Todos sabemos que en política conviven individuos de muy
diversas especies, que defienden ideologías, formas de ver el mundo
y ambiciones de toda clase. Y sabemos, aunque a veces cuesta
entenderlo, que en muchas ocasiones conviven dentro del mismo
partido elementos que no se sabe muy bien qué papel pueden tener.
Acabamos de comprobarlo en el seno de un Partido Popular que acoge,
bien es cierto, un amplísimo abanico de sensibilidades, todas ellas
unificadas por la etiqueta del conservadurismo, pero de muy
distinto talante.
Si las recientes declaraciones del senador melillense Carlos
Benet comparando a José Luis Rodríguez Zapatero -a quien avalan
nada menos que nueve millones de votos- con el golpista Tejero
fueron un mazazo al espíritu democrático y al sentido común de este
país, lo que acaba de soltar su compañero Francisco Cacharro es ya
de delirio.
Algo incomprensible, pues pone en entredicho a todo un partido
que, en conjunto y en general, respeta escrupulosamente las reglas
del juego y muestra actitudes más propias del centro-conservador
que de la derechona rancia de toda la vida.

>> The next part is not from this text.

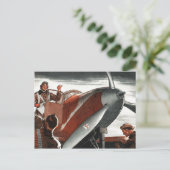 Farbkunst Vintager Luftfahrzeuge Postkarte (Stehend Vorderseite)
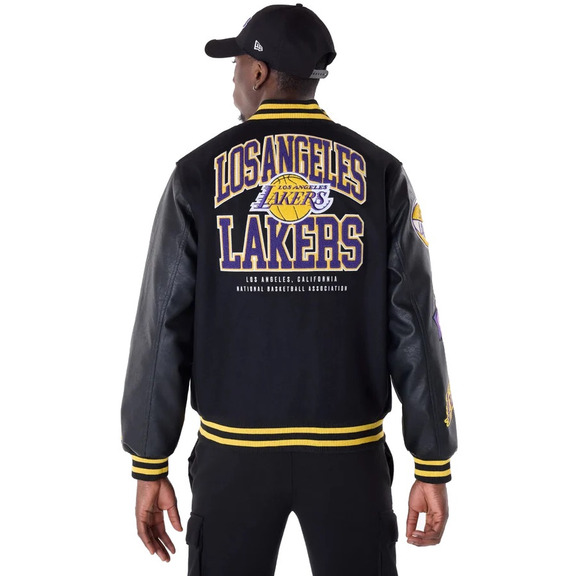 Neue Ära NBA LA Lakers Patch Varsity Jacket "Black"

Por eso sorprende que desde la cúpula del PP -bien es cierto que
algunos de sus dirigentes mantienen posturas extremistas- no se
tomen medidas contundentes y tajantes para acabar con esta
guerrilla de declaraciones que, lejos de restar credibilidad a
quien atacan -el presidente del Gobierno-, consiguen desacreditar a
quien las pronuncia.
No es la forma de hacer política. Aquí mandan los hechos y éstos
reflejan una falta total de línea alternativa por parte de la
oposición, que parece haberse aferrado al «no» permanente para
derribar a un Gobierno que, a pesar de todo, sigue trabajando.